Observation data (J2000 epoch)
- Constellation: Hercules
- Right ascension: 16^{h} 06^{m} 14.8^{s}
- Declination: +18° 10′ 58.3″
- Redshift: 0.039400
- Heliocentric radial velocity: 11,812 km/s
- Distance: 557 Mly (171 Mpc)
- Group or cluster: Hercules Cluster
- Apparent magnitude (V): 15.5

Characteristics
- Type: (R)SB(rs)0/a, Sbrst
- Size: 145,000 ly
- Notable features: Starburst galaxy

Other designations
- PGC 57135, KUG 1604+143, Mrk 300, CGCG 108-144, MCG +03-41-119, 2MASX J16061486+1810582, IRAS F16039+1819, WBL 607-030, ASK 564476.0, NSA 099884, ABELL 2151:[D80] 126, SDSS J160614.83+181058.3, LEDA 57135

= IC 1189 =

Lenticular galaxy

IC 1189 is a S0-a lenticular galaxy with a ring structure located in Hercules.
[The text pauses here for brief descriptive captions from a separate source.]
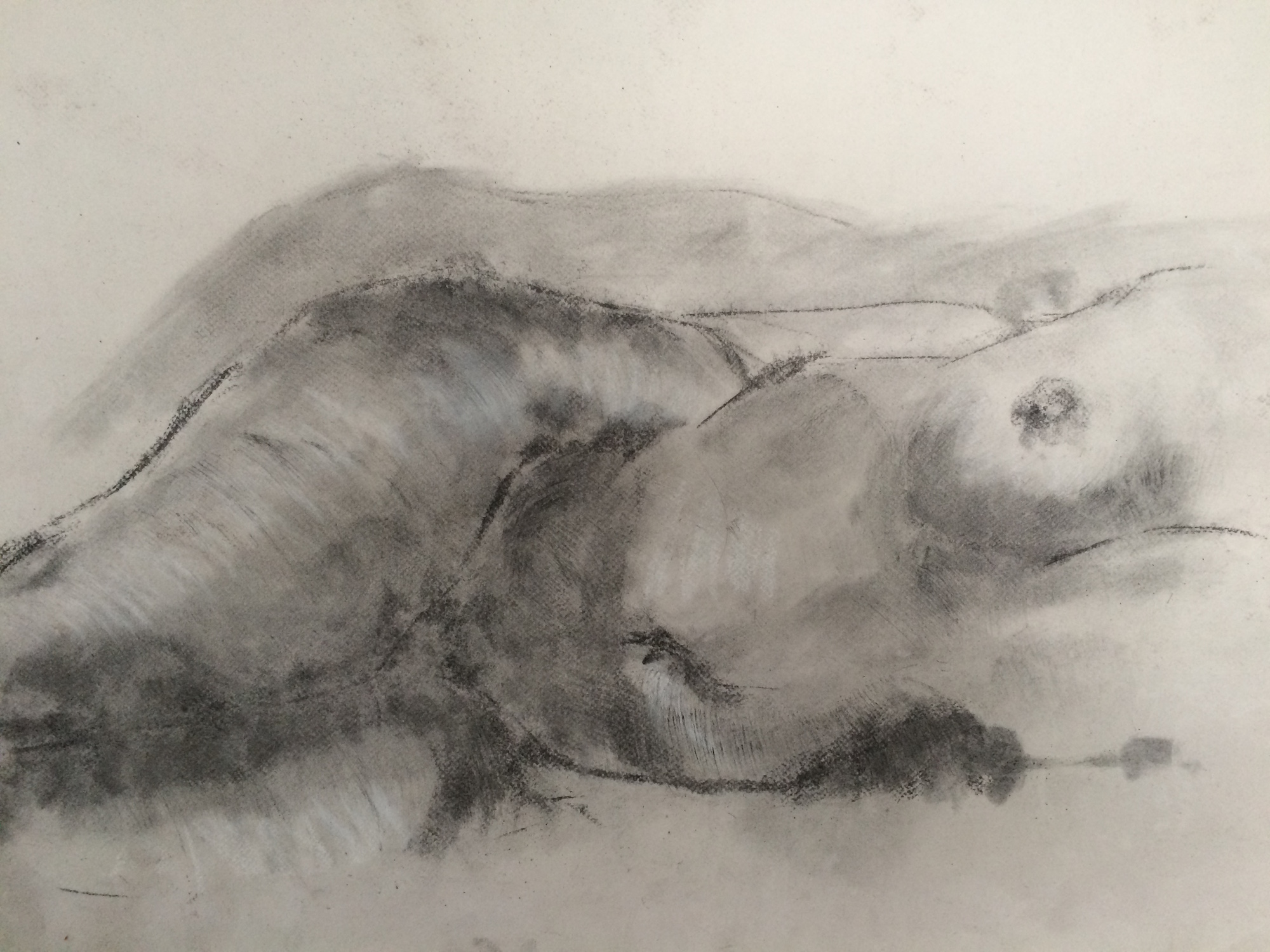 Life Drawing Studies for Sculpture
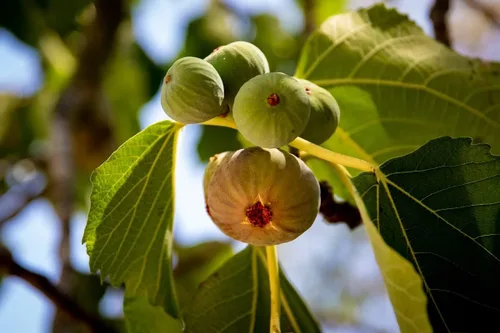 Vista 5 de Higuera olímpica - 3 plantas de inicio vivo - Ficus Carica - Árbol frutal comestible para el patio y el jardín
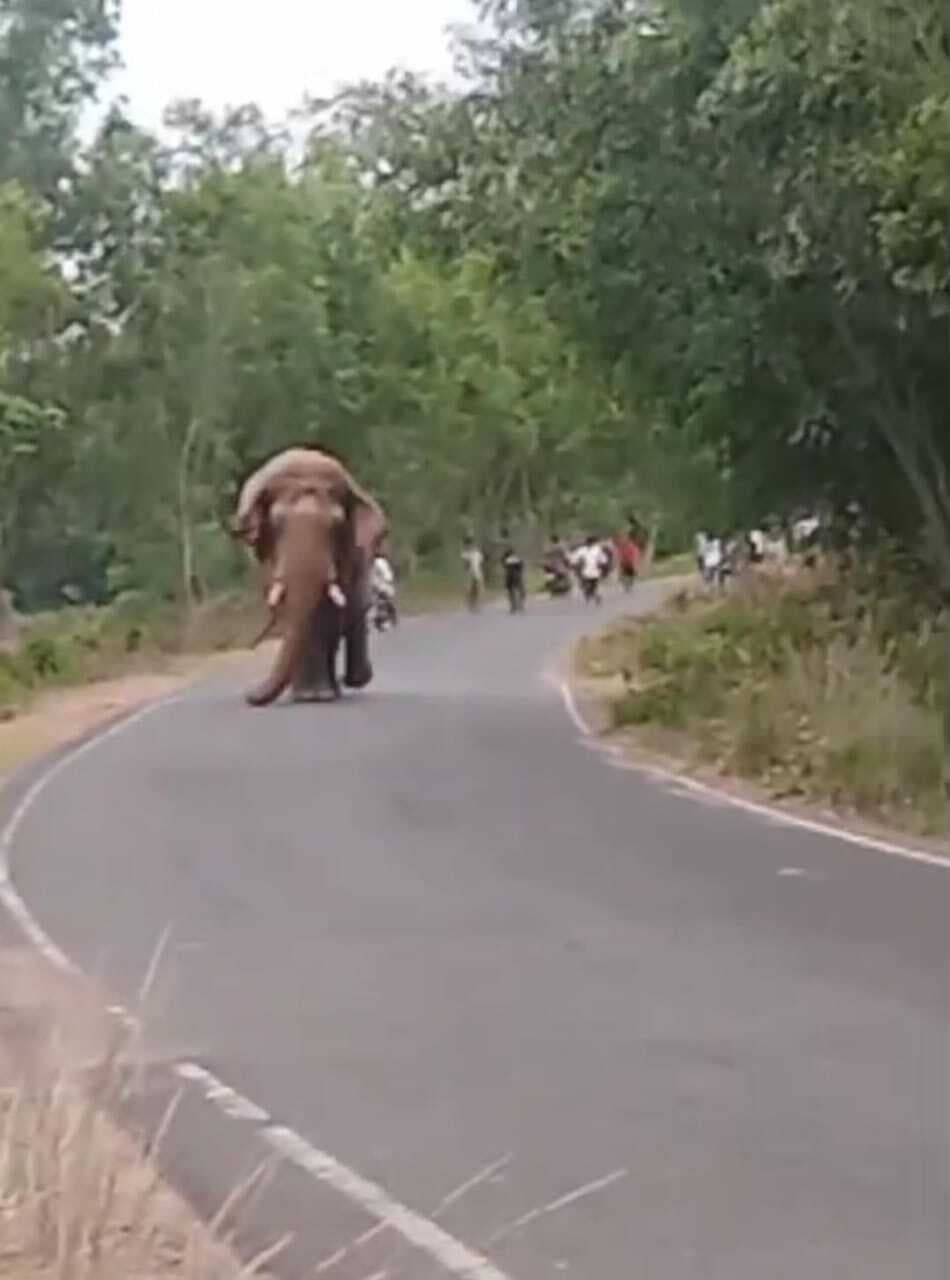 चाकुलिया सड़क पर आया हाथी, एक घंटा आवागमन ठप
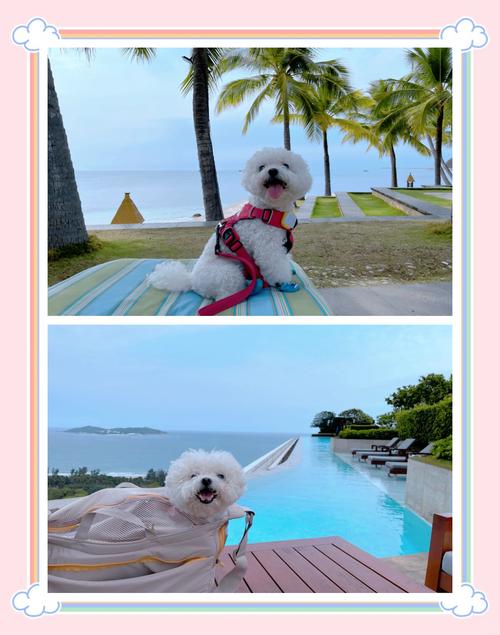 带狗狗坐飞机需要什么手续?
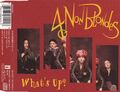 4 Non Blondes - What's Up (4 Track Maxi CD)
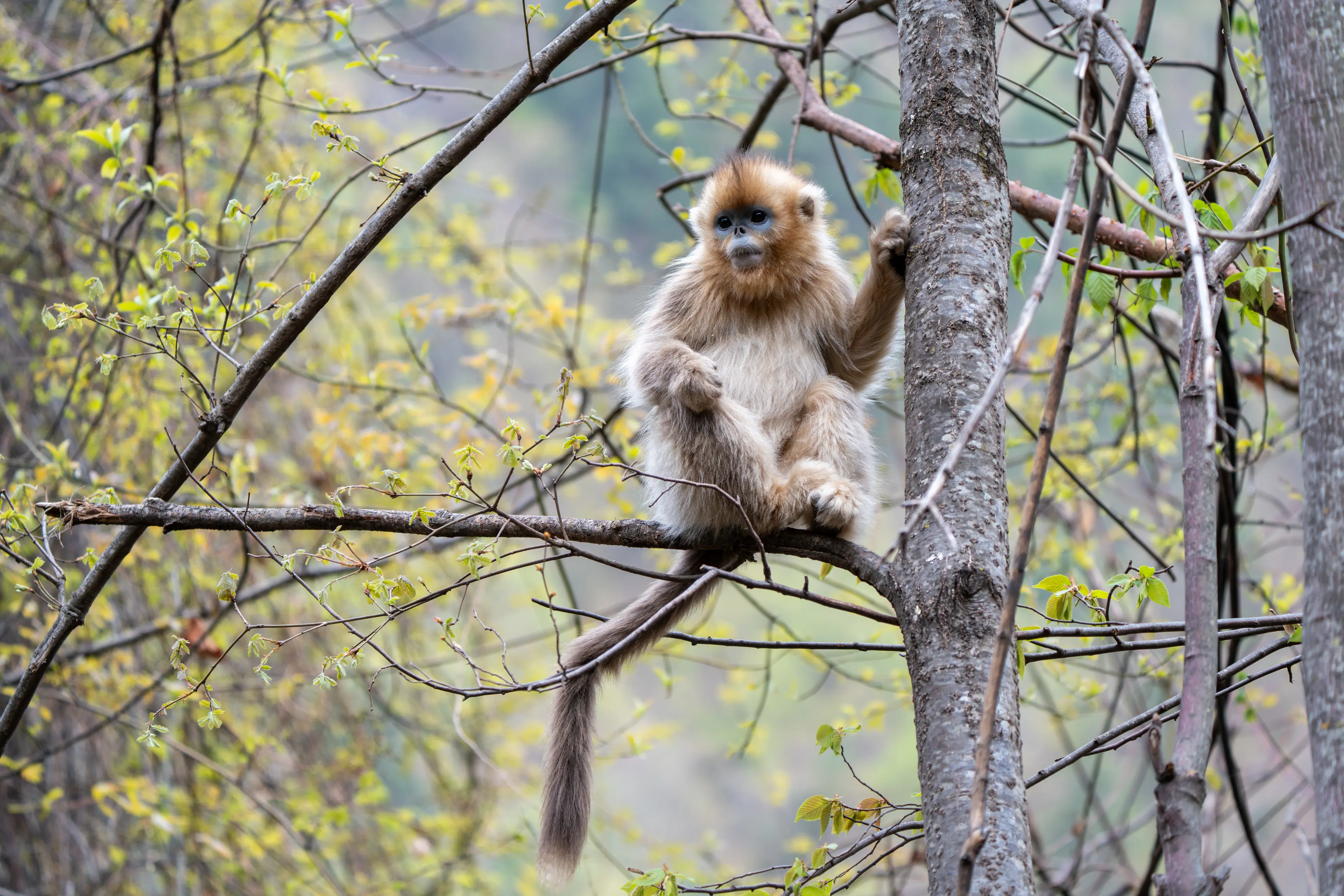 Golden snub-nosed monkey at Sichuan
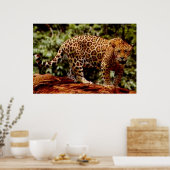 Jaguar Poster (Küche)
It is located 557 million light-years away from the Solar System and has an approximate diameter of 145,000 light-years. IC 1189 was discovered on June 7, 1888, by Lewis Swift. It is a member of the Hercules Cluster.

IC 1189 has an active galactic nucleus and is classified as a starburst galaxy meaning to say, it is a powerhouse star factory making stars at a rate hundred of times greater compared to the Milky Way. Additionally, it falls into the Markarian galaxies category as Mrk 300, in which its core shines in ultraviolet rays.